If Durban fails to bring about a new round of targets for cutting emissions, the world may be confronted with additional adaptation challenges.
Climate change funding is supposed to be equally split between mitigation and adaptation measures.
Currently, however, the perception is that it overwhelmingly favors mitigation — just US$250 million has been committed to the UNFCCC’s Adaptation Fund, which was set up at the Bali COP in 2007.
Even if current emission reduction targets are met, climate change adaptation will be required. Already, some countries around the world are facing new climate-related risks.
But if Durban fails to bring about a new round of targets for cutting emissions, the world may be confronted with additional adaptation challenges.
The Global Adaptation Institute
has developed an index
to help guide investment and measure progress in adapting to climate change. The index is based on a Readiness Matrix that illustrates the comparative resilience of countries. It measures their relative vulnerability and the extent to which they are prepared to deal with climatic and environmental changes.

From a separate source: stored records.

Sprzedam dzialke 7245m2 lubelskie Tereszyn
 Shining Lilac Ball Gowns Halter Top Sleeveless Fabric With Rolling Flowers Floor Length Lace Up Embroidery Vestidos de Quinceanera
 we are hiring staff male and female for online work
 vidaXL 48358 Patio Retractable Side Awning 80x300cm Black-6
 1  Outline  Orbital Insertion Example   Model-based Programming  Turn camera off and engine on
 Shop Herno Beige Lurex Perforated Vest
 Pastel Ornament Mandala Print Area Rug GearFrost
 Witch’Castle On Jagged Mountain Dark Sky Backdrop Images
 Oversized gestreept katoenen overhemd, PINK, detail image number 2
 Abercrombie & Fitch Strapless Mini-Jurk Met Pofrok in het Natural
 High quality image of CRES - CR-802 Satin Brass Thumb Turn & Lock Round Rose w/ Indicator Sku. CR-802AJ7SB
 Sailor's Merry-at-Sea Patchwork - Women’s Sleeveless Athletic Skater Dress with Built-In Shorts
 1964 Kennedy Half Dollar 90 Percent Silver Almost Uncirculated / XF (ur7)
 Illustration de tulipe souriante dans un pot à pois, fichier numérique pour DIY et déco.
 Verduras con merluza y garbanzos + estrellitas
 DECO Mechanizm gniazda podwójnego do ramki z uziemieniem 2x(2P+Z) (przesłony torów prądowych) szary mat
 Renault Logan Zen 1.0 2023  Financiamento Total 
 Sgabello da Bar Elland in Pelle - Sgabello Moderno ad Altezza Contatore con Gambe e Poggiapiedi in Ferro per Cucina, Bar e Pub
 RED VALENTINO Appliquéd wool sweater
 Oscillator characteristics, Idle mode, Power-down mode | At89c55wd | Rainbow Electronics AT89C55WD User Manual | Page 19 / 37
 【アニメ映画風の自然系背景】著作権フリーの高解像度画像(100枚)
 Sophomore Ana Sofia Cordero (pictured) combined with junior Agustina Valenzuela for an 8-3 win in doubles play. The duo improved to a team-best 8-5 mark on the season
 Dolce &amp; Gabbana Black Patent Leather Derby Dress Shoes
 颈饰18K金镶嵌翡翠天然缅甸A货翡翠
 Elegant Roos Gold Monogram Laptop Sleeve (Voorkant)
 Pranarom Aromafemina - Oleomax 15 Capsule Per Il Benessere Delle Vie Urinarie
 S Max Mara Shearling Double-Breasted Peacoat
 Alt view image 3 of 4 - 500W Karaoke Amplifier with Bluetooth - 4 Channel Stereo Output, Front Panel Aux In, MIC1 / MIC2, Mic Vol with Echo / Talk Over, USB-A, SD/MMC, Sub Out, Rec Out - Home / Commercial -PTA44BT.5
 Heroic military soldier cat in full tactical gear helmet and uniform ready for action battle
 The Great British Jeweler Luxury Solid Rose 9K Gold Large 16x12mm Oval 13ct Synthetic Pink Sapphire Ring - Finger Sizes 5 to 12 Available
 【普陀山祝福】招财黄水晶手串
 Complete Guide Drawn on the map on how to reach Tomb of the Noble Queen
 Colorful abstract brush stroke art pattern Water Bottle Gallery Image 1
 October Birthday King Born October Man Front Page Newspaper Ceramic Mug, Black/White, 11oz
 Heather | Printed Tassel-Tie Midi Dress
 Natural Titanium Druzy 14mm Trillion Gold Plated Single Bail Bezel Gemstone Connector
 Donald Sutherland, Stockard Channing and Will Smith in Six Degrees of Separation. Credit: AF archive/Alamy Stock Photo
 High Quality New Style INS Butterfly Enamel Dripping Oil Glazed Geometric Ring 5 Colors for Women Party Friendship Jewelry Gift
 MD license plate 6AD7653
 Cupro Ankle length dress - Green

Vulnerability measures a country’s exposure, sensitivity and ability to cope with climate related hazards, as well as accounting for the overall status of food, water, health and infrastructure within the nation. ‘Readiness’ targets those portions of the economy, governance and society that affect the speed and efficiency of absorption and implementation of adaptation projects.
The Readiness Matrix
The Matrix shows a clear link between GDP and the vulnerability of countries to climate change.
Although a number of emerging markets have made progress in enhancing their adaptation capabilities, important gaps remain.